As education critic and activist Thomas DeWeese has observed regarding the STW program, big business has joined forces with the Federal Department of Labor, the Department of Education, the Chamber of Commerce and the National Governors Association to turn schools into job-training facilities. Gone are the liberal arts programs that provided well-rounded academic teaching, the student's freedom of choice to make his own career decisions, as well as his individuality and his ability to adapt to new technology through the shear force of his over-all academic knowledge. He has become a "human resource" to fill the needs of the "workforce."
The questions being asked by bewildered parents are many: Will my child be forced too early into a particular career? Will my child drop out of school once he feels the attraction of earning money? Isn't talking about career goals in an English or Social Studies or Math class taking time away from the academic substance of those classes? How can teachers and schools keep up with everything that is being thrown at them? Isn't the idea of filling schools with make-believe shops, post-offices, and travel agencies run by students rather ridiculous?
So, what are ordinary parents and citizens to do? There is a simply answer: shut off the federal and state money spigots. Most of the federal legislation adopted so far has provided funding for the first five-year plan. Funding for the second five years is being held up by legislators able to perceive the black hole that is developing as reform plans mushroom. The 104th Congress considered two parallel bills to supply the needed funds. One was HR1617, known as the CAREERS Act (Consolidated and Reformed Education, Employment and Rehabilitation Systems Act). It paralleled S180 (Workforce Development Act) sponsored by Senator Kennedy. Both bills called for "non-stop career centers" (located mostly in schools) which would be capable of training and delivering a dependable and obedient workforce wherever it is needed. They would replace the School-To-Work Opportunities Act of 1994, and provide all the necessary funding for the next five years. After that the burden would fall on local districts. Fortunately, both bills were never reported out of committee in the last Congress. There is little question that sponsors will re-introduce them, including increased funding as promised by President Clinton.

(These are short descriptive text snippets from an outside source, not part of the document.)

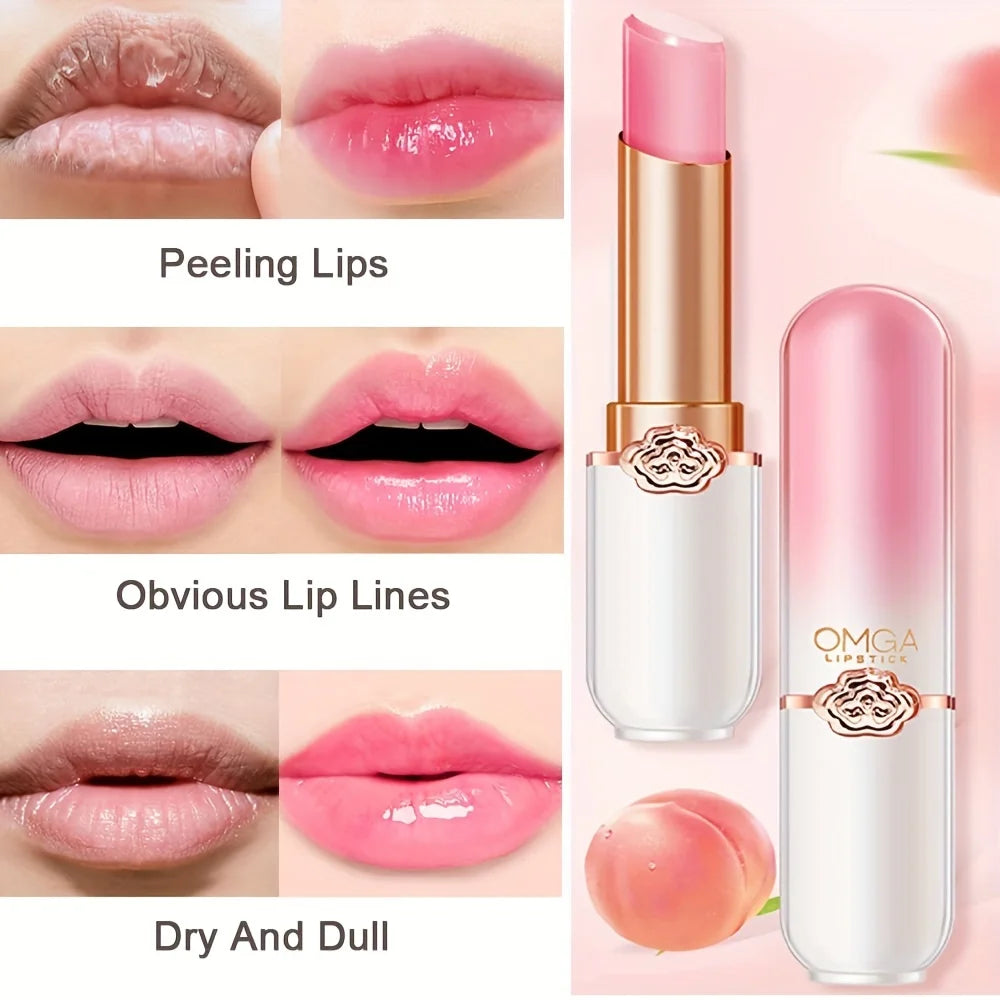 Color-Changing Lipstick Jelly Lipstick Moisturizing Waterproof Long-Lasting Moisturizing 3g Peaceful Pleasures Health and Wellness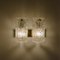 Große Murano Glas und Messing Wandlampen von Hillebrand, 2er Set 15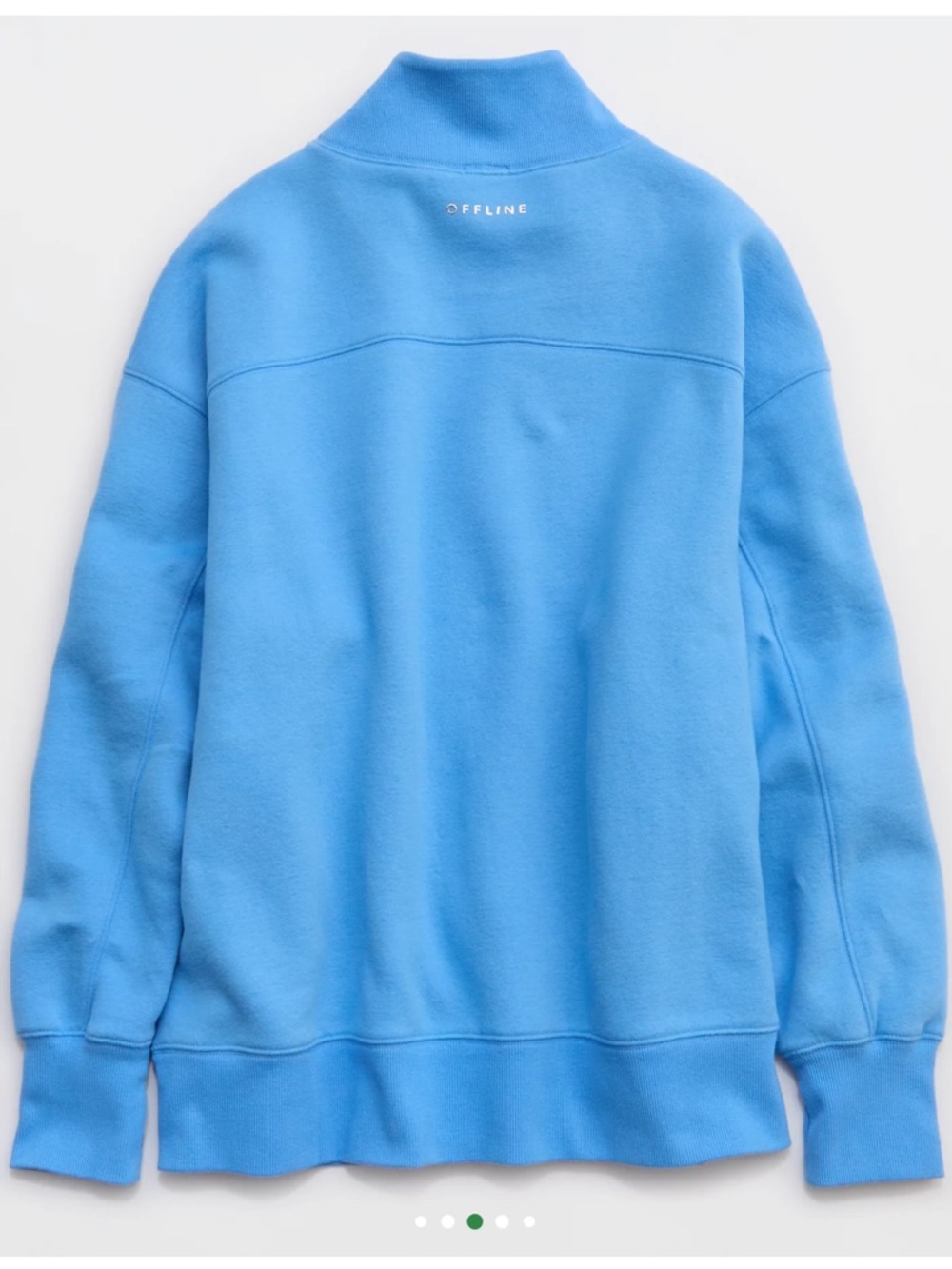 Aerie Offline Cloud Fleece Oversized Mockneck Sweatshirt - Blue - Size XL - NWT - Picture 3 of 6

States have likewise been scurrying to be eligible for the funds. Oregon has led the way, urged on by Marc Tucker and Ira Magaziner, by passing as early as 1991, a bill entitled the Oregon Educational Act for the 21st Century, combining principles of OBE and STW and providing abundant funds for the remainder of the century. Many other states have followed suit, imitating the Oregon bill almost verbatim. This includes New York, where Assembly Bill 3889 was successfully bottled up in committee in the 1996 legislative session. A sponsor of the bill, now renumbered A5077, has promised to reintroduce it. At a Regents' meeting last December, a report was presented on the status and early evaluation results of the School-to-Work initiative which the N.Y. Department of Education has been implementing over the past two years with a federal STW Implementation Grant of $60.3 million dollars. The report declares the program a success and refers to it as "an engine driving school reform in New York State."
It is incumbent upon concerned parents and citizens to flood their federal and state legislatures with demands that these bills, intended to fund the current shaky reforms, be defeated or kept bottled in committee until such time as a careful, comprehensive blueprint for reforming American schools is drawn up.